Troops, police clamp down in US cities as unrest over racism flares
Thousands of National Guard troops patrolled major US cities on Sunday after five consecutive nights of protests over racism and police brutality that boiled over into arson and looting, sending shock waves through the country.
A senior White House official, echoing President Donald Trump, blamed anarchists and far left activists for the violence while local leaders appealed to citizens to give constructive outlet to their rage without destroying their communities.
"There are some people in our streets who are driven there by a passion for our community," said Melvin Carter, the African American mayor of St. Paul, the capital of Minnesota and twin city of Minneapolis, the epicenter of the protests.
"And then there’s folks in our streets who are there to burn down our black-owned barbershops, to burn down our family-owned businesses, our immigrant-owned restaurants," he said on CNN. The death Monday of an unarmed black man, George Floyd, at the hands of police in Minneapolis ignited this latest wave of outrage in the US over law enforcement’s repeated use of lethal force against African Americans -- this one like others before captured on cellphone video.
From Seattle to New York, tens of thousands of protesters took to the streets demanding tougher murder charges and more arrests over the death of Floyd, who stopped breathing after Minneapolis police officer Derek Chauvin knelt on his neck for nearly nine minutes.
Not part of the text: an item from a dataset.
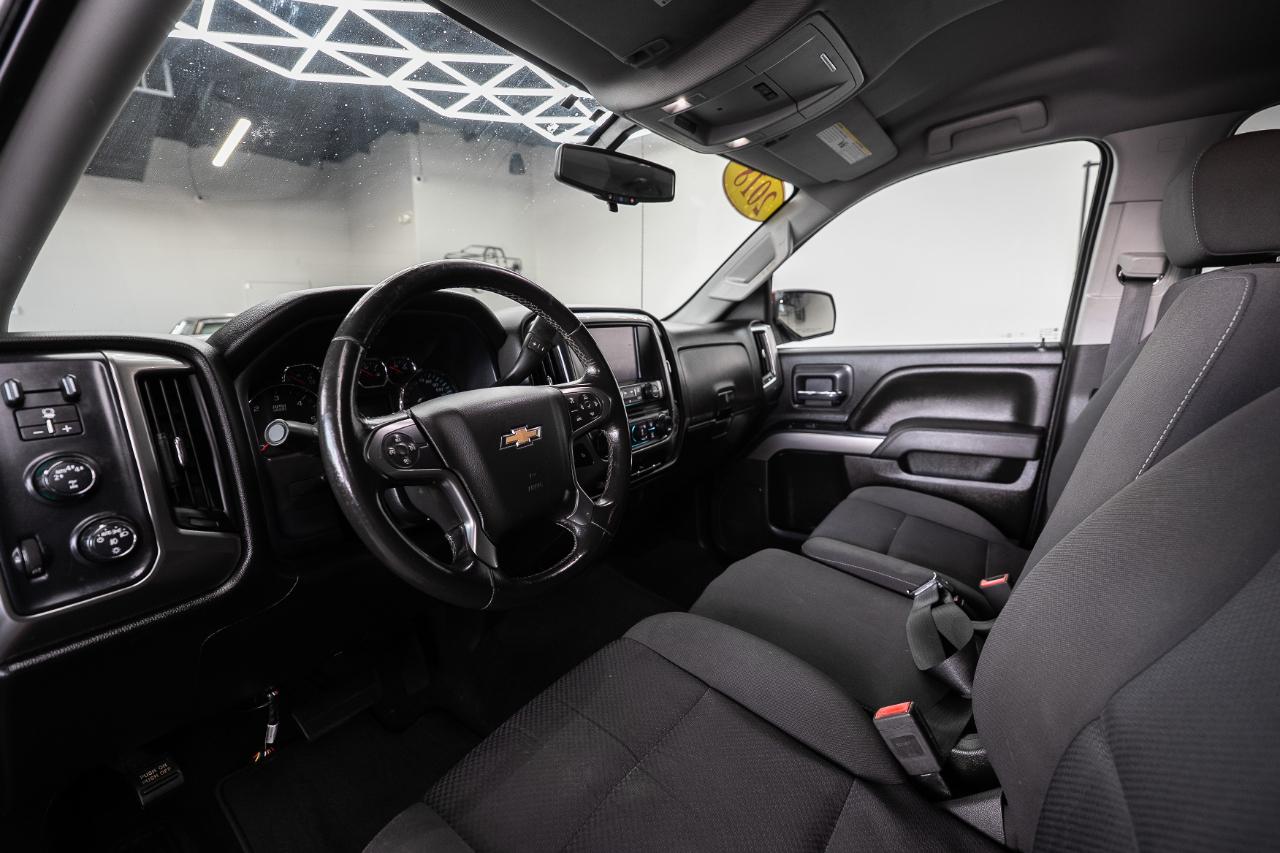 Chevrolet Silverado 1500 LT Double Cab 4WD 2018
Minnesota Governor Tim Walz mobilized the state’s 13,000 National Guard troops to help restore order while police enforced an overnight curfew after rioters looted shops and set fires in the Minneapolis-St. Paul area.
Police fired tear gas and stun grenades to clear streets of curfew-violators Saturday night in Minneapolis, and National Guard troops protected the state capitol in St Paul. A Minneapolis police spokesman, John Elder, said a man’s body was found near a burning vehicle early after firefighters were called to the scene.
It was unclear if the death, which was being investigated as a homicide, was connected to the unrest in the city.
Los Angeles, Chicago and Atlanta were among two dozen cities ordering people to stay indoors overnight as more states called in National Guard soldiers to help control the civil unrest not seen in the United States for years.
In Los Angeles, officers fired rubber bullets and swung batons during a testy standoff with demonstrators who set fire to a police car. Police and protesters clashed in numerous cities including Chicago and New York, with officers responding to projectiles with pepper spray while shop windows were smashed in Philadelphia.